Why the pound has shot up while UK economy is struggling – expert Q&A
- Written by Ganesh Viswanath-Natraj, Assistant Professor, Warwick Business School, University of Warwick
When Liz Truss and Kwasi Kwarteng’s tax-cutting mini-budget[1] triggered a UK debt crisis in autumn 2022, the pound plummeted to almost parity with the US dollar. In 2023 the UK has endured weak growth[2], falling productivity[3] and high inflation[4], yet the pound has been[5] the strongest performing currency among the G10 leading economies. It is currently trading at almost US$1.31, its highest level since April 2022.
To help understand what’s going on and where the pound goes from here, we spoke to Ganesh Vishwanath-Natraj, assistant professor of finance at the University of Warwick.
Many thought[6] last autumn that the pound would keep falling to dollar parity and below. What changed?
The Bank of England’s interest rate tightening[7] is probably the key factor. Though also the government’s fiscal policy has been more restrained.
Pound v US dollar 2021-23
But interest rates have been tightened in many countries. Why would it have made such a difference in the UK?
If you compare them to the US, for example, the federal funding rate has risen from basically 3% to 5% since last October. The equivalent UK rate has gone up from just over 2% to 5%. Not only has the UK tightened more, the markets expect[8] the Bank of England to keep tightening.
One reason for the stronger pound is that the US dollar has weakened over the same period. This may account for 50% of the change in the pound. Yet the pound has also gained against other currencies like the euro (rising from about €1.08 to €1.17 over the same period). This suggests that the pound’s appreciation is more likely due to UK policies than foreign factors.
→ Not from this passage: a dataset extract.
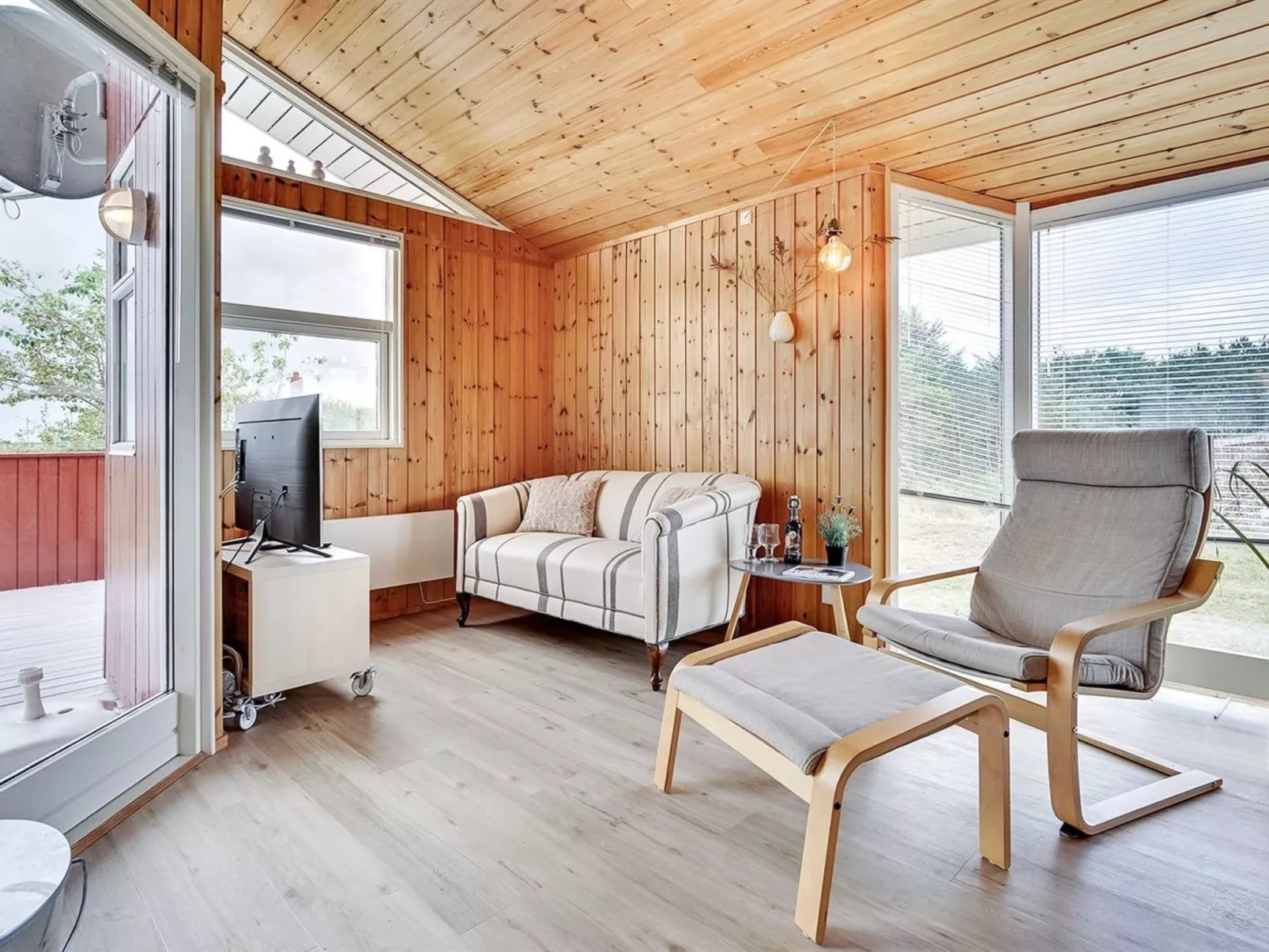 "Isulf" - 400m from the sea-Inside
Why has the US dollar been losing value?
The dollar is often seen as a measure of risk appetite – in other words, when the dollar is strong, there’s more pessimism in the global economy. The VIX index[9] is evidence for this: it is a measure of how much fear is in the market. Since October, it has fallen from about 32 to 14.
The US dollar over time
Trading ViewThe whole de-dollarisation narrative[10] may also be having an effect. This is the idea that the dollar’s status as the world reserve currency is eroding because countries like China, Russia and Saudi Arabia have been turning away from the US currency. This is probably more of a long-term issue, but it may still be encouraging investors to short the dollar (bet that it will fall).
One other thing to note is that the falling dollar goes against inflation expectations. US inflation has been falling faster than in other countries, which all things being equal should cause the dollar to rise.
UK ten-year gilt yields are now higher than last autumn. Doesn’t that suggest sentiment about the UK has got worse?
The spike in gilt yields in autumn 2022 reflected investor panic after the mini-budget [gilts are bonds issued by the UK government to borrow money – the yields are the interest paid on the bonds; the higher the yields the lower the demand for the debt]. Yields fell back down to about 3% after the change of fiscal policy once Rishi Sunak became prime minister, which was probably the “correct” level for where interest rates were at the time. The rise in gilt yields since then reflects the rises in interest rates.